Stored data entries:
■ ■ ■ ■
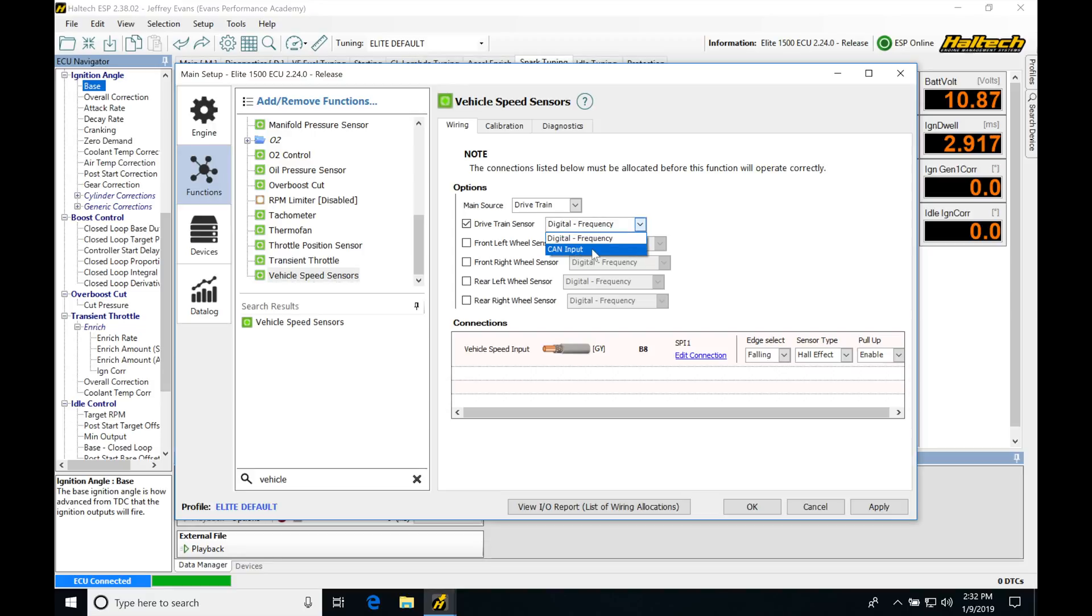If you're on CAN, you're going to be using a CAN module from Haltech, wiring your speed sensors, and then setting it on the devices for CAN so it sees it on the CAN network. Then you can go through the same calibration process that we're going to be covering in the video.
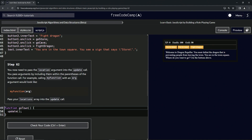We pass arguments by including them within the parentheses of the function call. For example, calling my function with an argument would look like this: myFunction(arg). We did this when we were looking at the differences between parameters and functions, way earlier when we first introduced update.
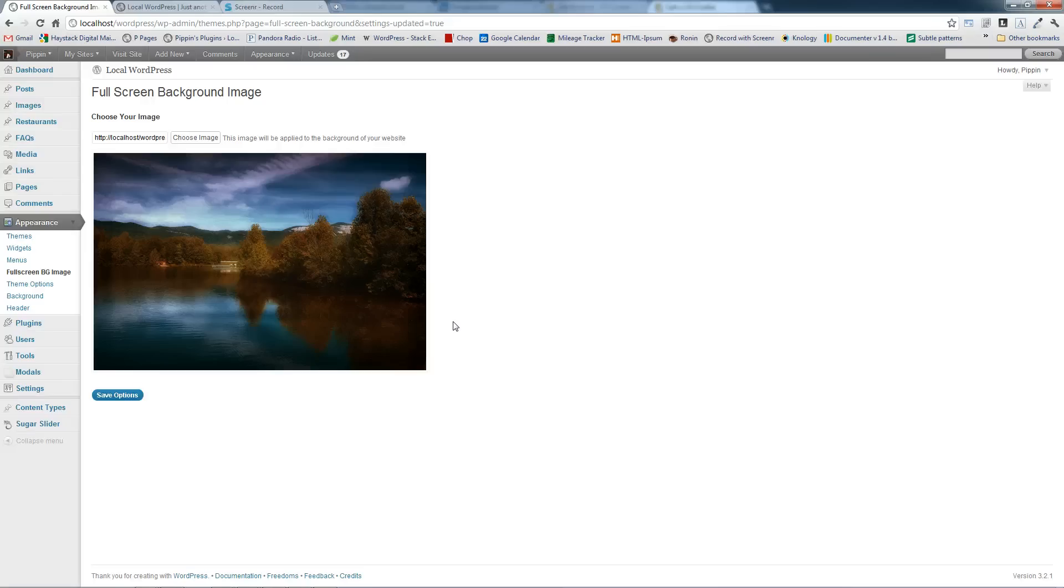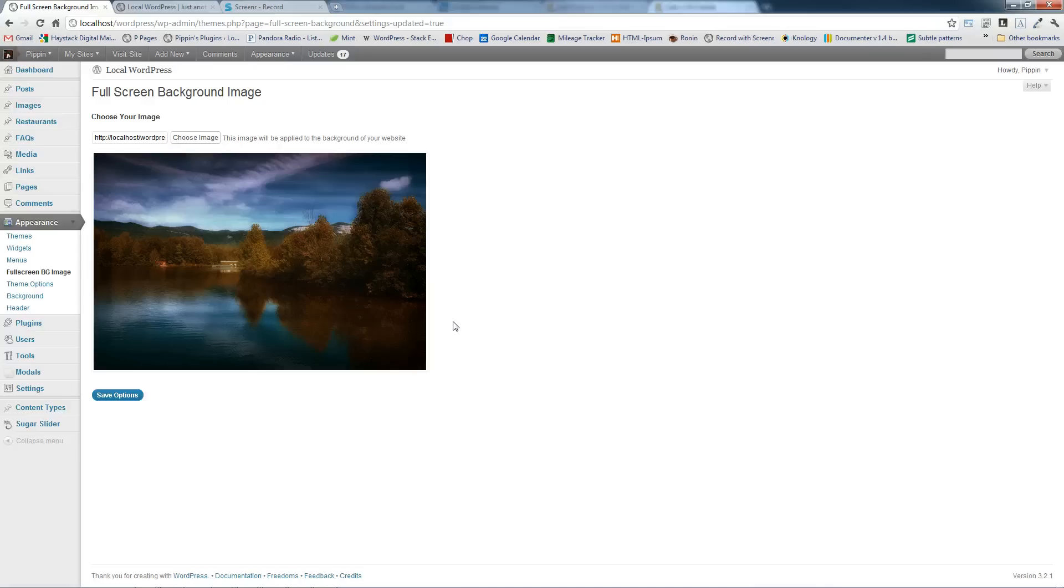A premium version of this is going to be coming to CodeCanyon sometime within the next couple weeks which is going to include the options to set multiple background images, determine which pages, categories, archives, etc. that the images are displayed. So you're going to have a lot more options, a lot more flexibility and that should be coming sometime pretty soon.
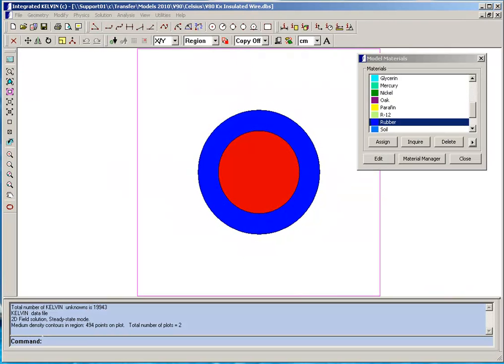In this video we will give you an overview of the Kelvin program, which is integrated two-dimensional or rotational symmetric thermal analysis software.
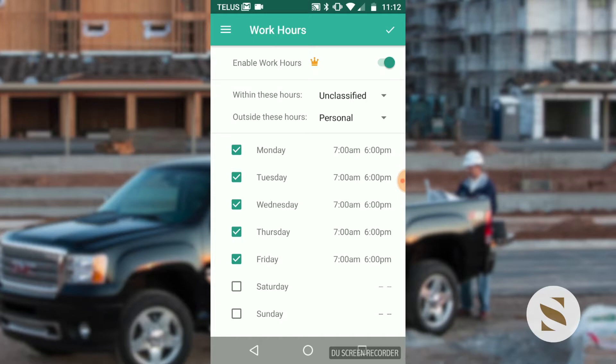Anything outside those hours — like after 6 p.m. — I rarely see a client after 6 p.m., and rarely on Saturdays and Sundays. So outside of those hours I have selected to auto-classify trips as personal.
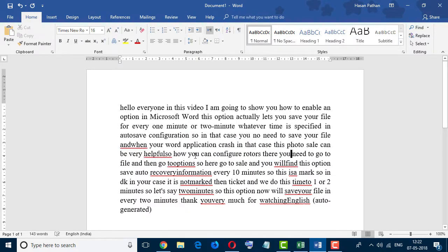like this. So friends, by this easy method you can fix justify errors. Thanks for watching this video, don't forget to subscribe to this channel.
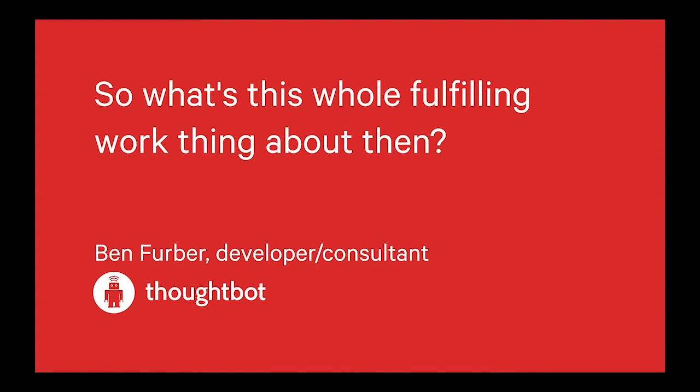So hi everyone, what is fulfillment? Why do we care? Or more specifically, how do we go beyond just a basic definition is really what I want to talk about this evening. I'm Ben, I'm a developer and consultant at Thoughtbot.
■ ■ ■ ■
● BRIEF
Omit all images when repeating the data above exactly.

● THE ANSWER
If you're on CAN, you're going to be using a CAN module from Haltech, wiring your speed sensors, and then setting it on the devices for CAN so it sees it on the CAN network. Then you can go through the same calibration process that we're going to be covering in the video.
We pass arguments by including them within the parentheses of the function call. For example, calling my function with an argument would look like this: myFunction(arg). We did this when we were looking at the differences between parameters and functions, way earlier when we first introduced update.
A premium version of this is going to be coming to CodeCanyon sometime within the next couple weeks which is going to include the options to set multiple background images, determine which pages, categories, archives, etc. that the images are displayed. So you're going to have a lot more options, a lot more flexibility and that should be coming sometime pretty soon.
In this video we will give you an overview of the Kelvin program, which is integrated two-dimensional or rotational symmetric thermal analysis software.
Anything outside those hours — like after 6 p.m. — I rarely see a client after 6 p.m., and rarely on Saturdays and Sundays. So outside of those hours I have selected to auto-classify trips as personal.
like this. So friends, by this easy method you can fix justify errors. Thanks for watching this video, don't forget to subscribe to this channel.
So hi everyone, what is fulfillment? Why do we care? Or more specifically, how do we go beyond just a basic definition is really what I want to talk about this evening. I'm Ben, I'm a developer and consultant at Thoughtbot.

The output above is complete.